One important characteristic of eye-tracking devices that was not examined in this study is the tracking range. Evaluating this range is difficult because it differs considerably across participants. If participants have long eyelashes or narrow eyes, GazeParser may encounter difficulty in pupil detection, as with other video-based eyetrackers, and, therefore, narrow the tracking range. When the eye rotates away from the center, the Purkinje image leaves from the cornea surface. In this situation, the GazeParser cannot estimate gaze position reliably. The range of eye rotation within which the Purkinje image stays on the cornea surface appears to depend on cornea shape. Individual differences in these factors affect the tracking range of GazeParser. If detection of the pupil and the Purkinje image are not disturbed by these factors, the tracking range of GazeParser reaches approximately 30° in the horizontal and 20° in the vertical directions.

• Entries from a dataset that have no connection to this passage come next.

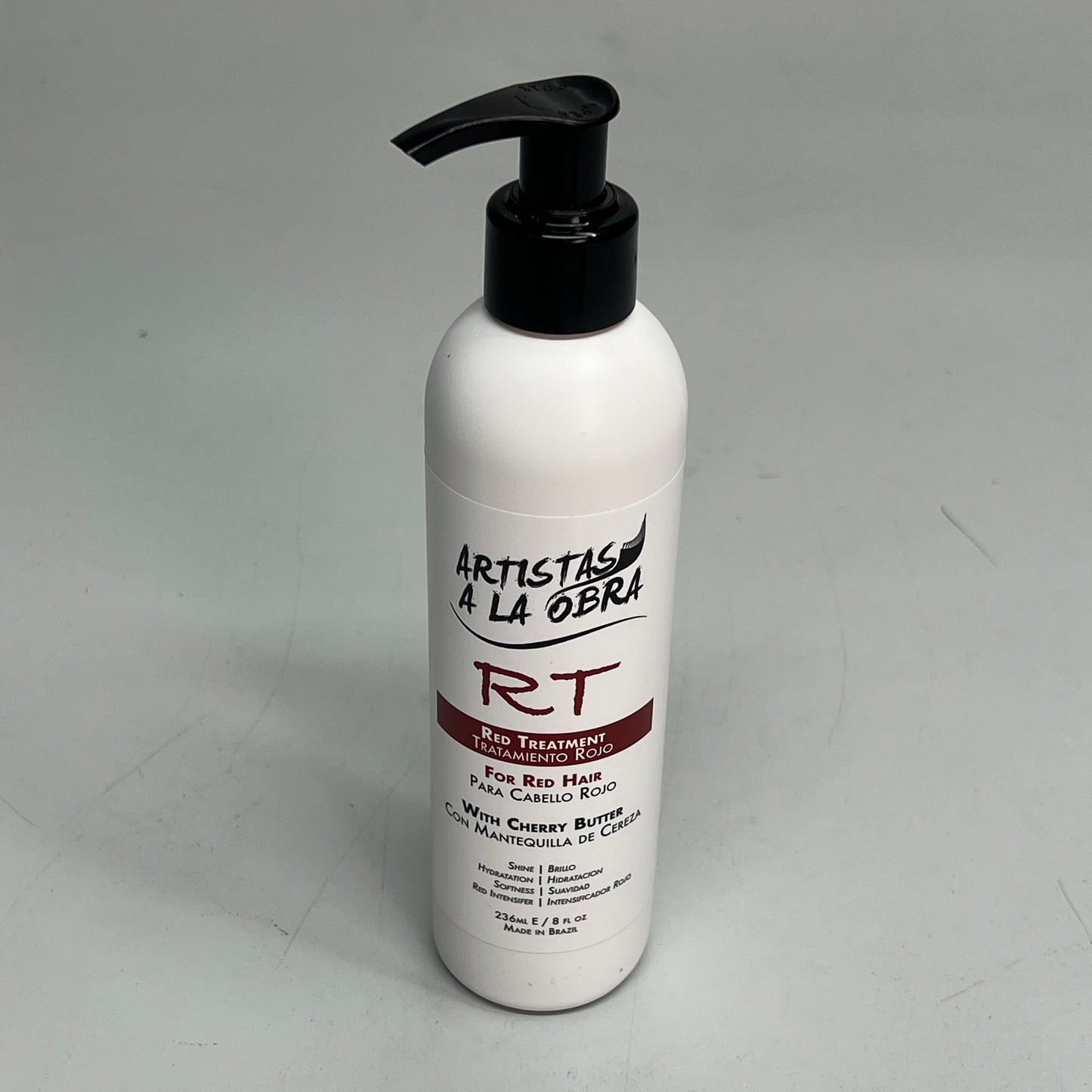 ARTISTAS A LA OBRA Red Treatment/Mask Adds Keeps Hair Vibrant 8 fl oz Red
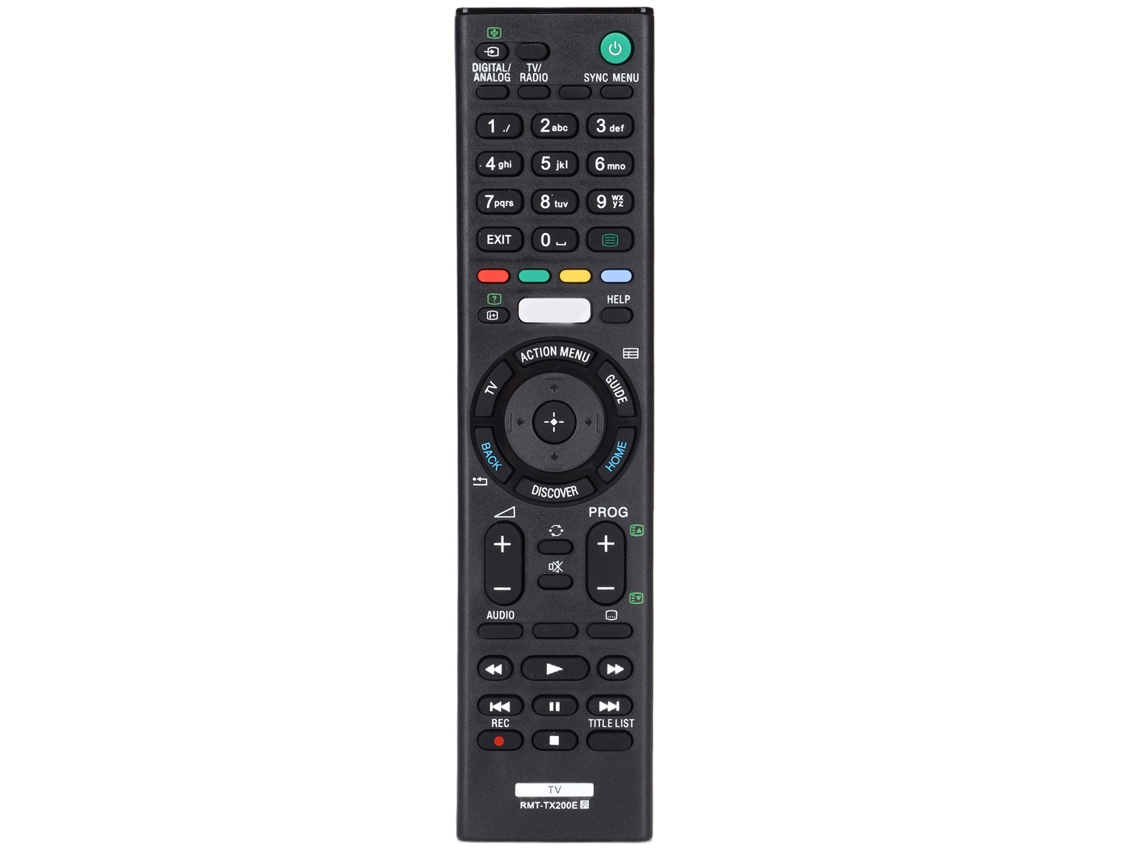 Aetheria controle Remoto Substituto Rmt tx200e para Tv Sony Kd65xd7505 Kd55xd7005 Kd49xd7005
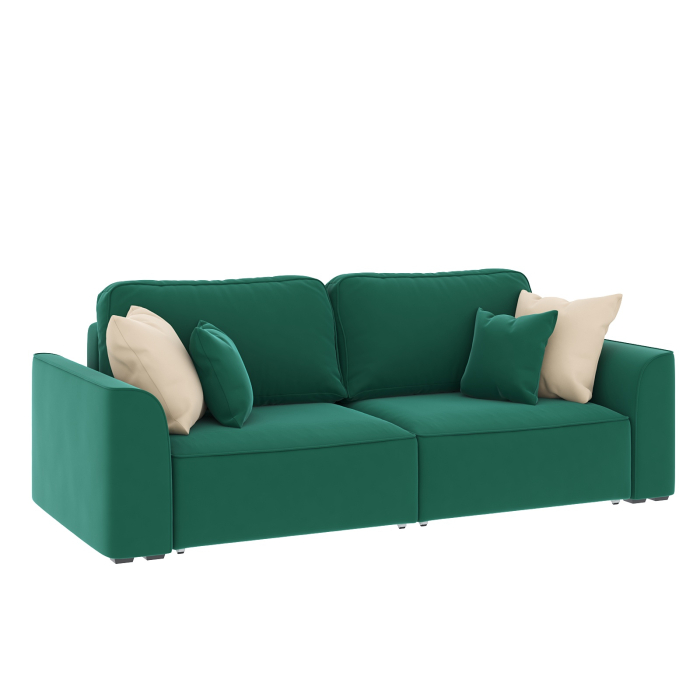 Диваны еврокнижки, Диван Сиэтл, велюр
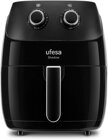 Ufesa Heißluftfritteuse Shadow, 1500W Schwarz Ufesa Heißluftfritteuse Shadow, 1500W Schwarz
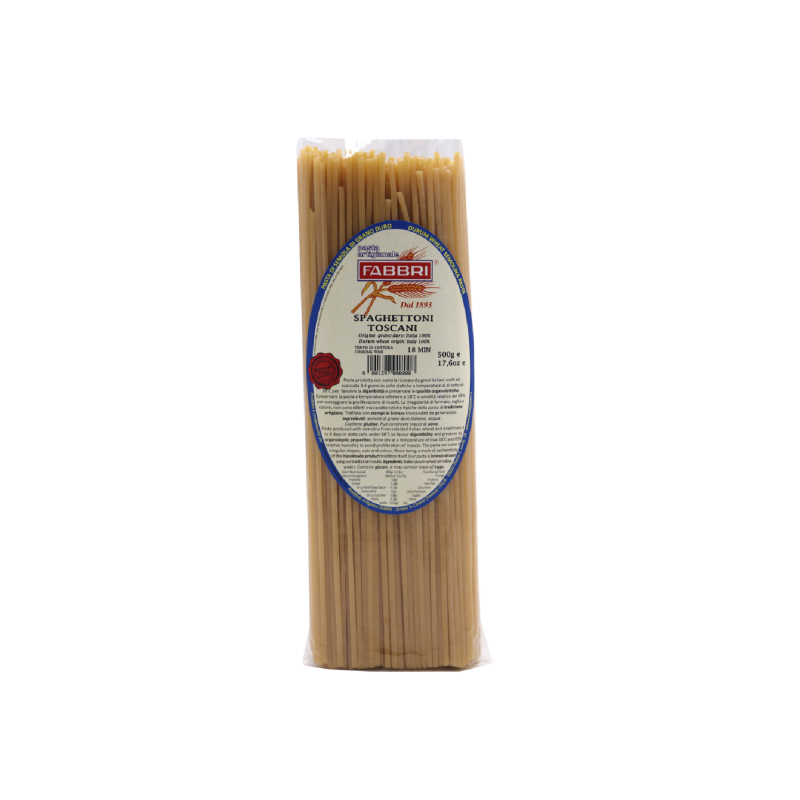 Spaghettoni Toscani Pasta Fabbri italienischem Weizen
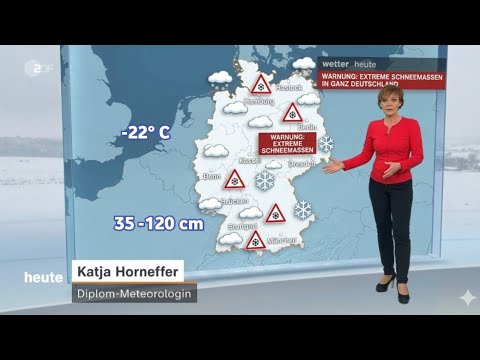 Attention! Winter 1979 is approaching with massive and unprecedented snowfalls throughout Germany.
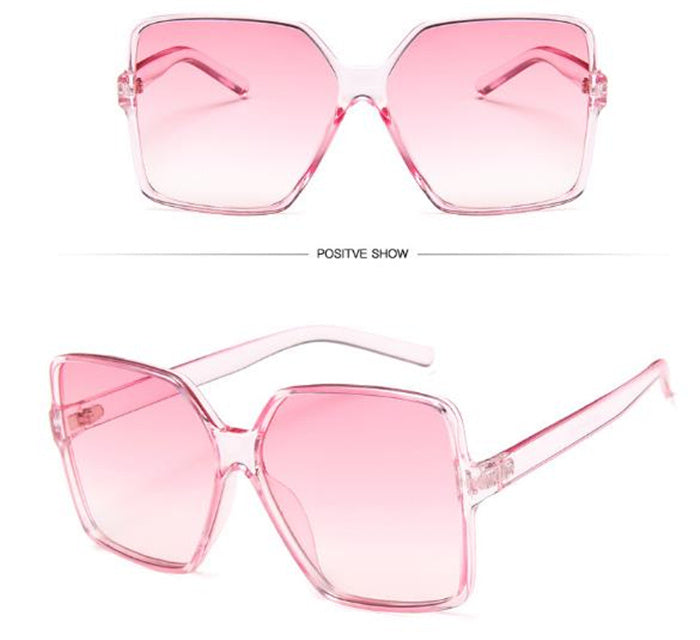 Women Sunglasses Square Frame Elegant Eyewear Suitable In Round Long Square Oval Faces Avant Garde Personality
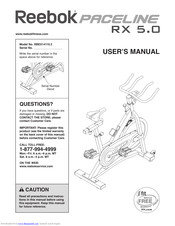 Reebok Paceline RX 5.0 Manual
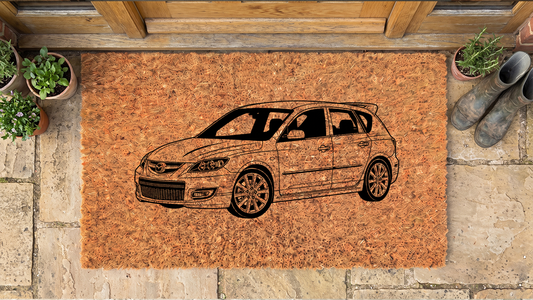Mazda Mazdaspeed3 (1st Gen) Inspired Floor Mat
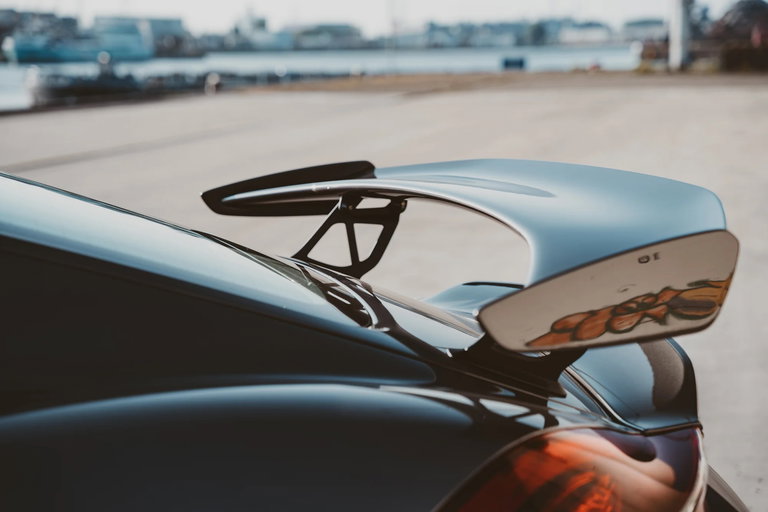 Porsche 981 Cayman GT4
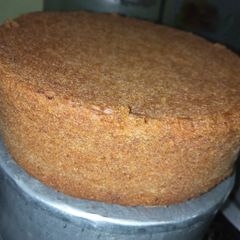 Vanilla cake A picture of Vanilla cake.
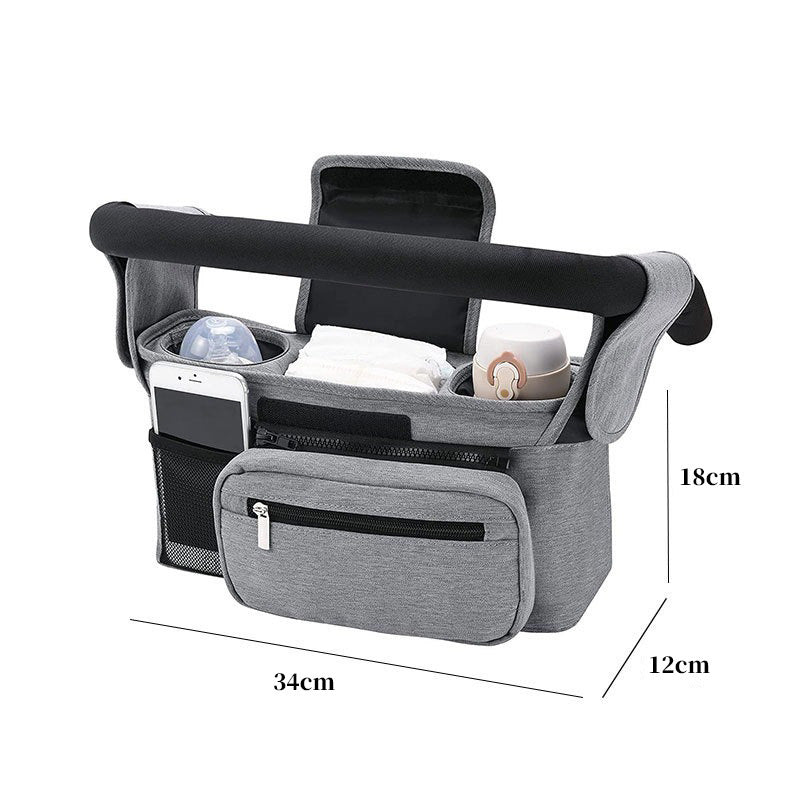 Organizer Bag for Stroller Bowlift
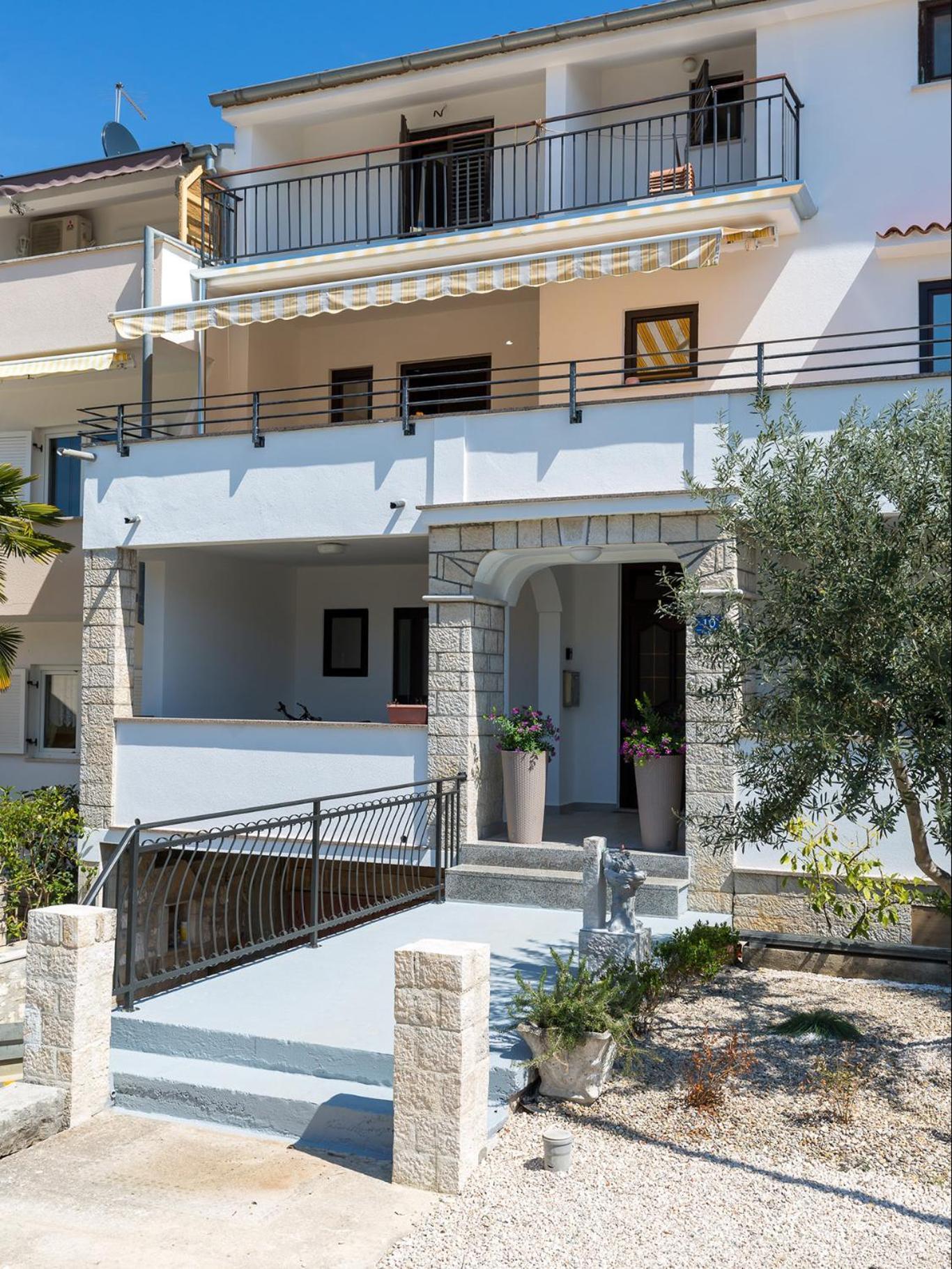 Marisan Seaview Apartment Funtana Exteriér fotografie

GazeParser is currently under development. The main features now in development involve recording in binocular fashion, importing data recorded by other eyetrackers, and analyzing recorded data through multiple methods. Binocular recording has been tentatively implemented and is now undergoing testing. As for data importation, GazeParser can import gaze position and some event data from an Eyelink EDF file (via edf2asc.exe, which is bundled with Eyelink) and Tobii’s tab-separated text file (Tobii Technology, Ltd.). This feature is intended to provide a common interface for analyzing data recorded by these eyetrackers and GazeParser. Further improvements are necessary for enabling importation of whole data sets from these files. To support data analysis, GazeParser currently provides Python modules to detect microsaccades according to the method proposed by Engbert and Kliegl (2003), to evaluate similarity between two gaze trajectories using ScanMatch algorithm (Cristino, Mathot, Theeuwes, & Gilchrist, 2010), and to evaluate saccade trajectory curvature. Additionally, modules for other analyses will be added in the future.

In summary, GazeParser is a low-cost solution for gaze position recording. It is an open-source software that runs on Microsoft Windows, Linux, and Mac OS X, with temporal and spatial performance that is sufficient for research use.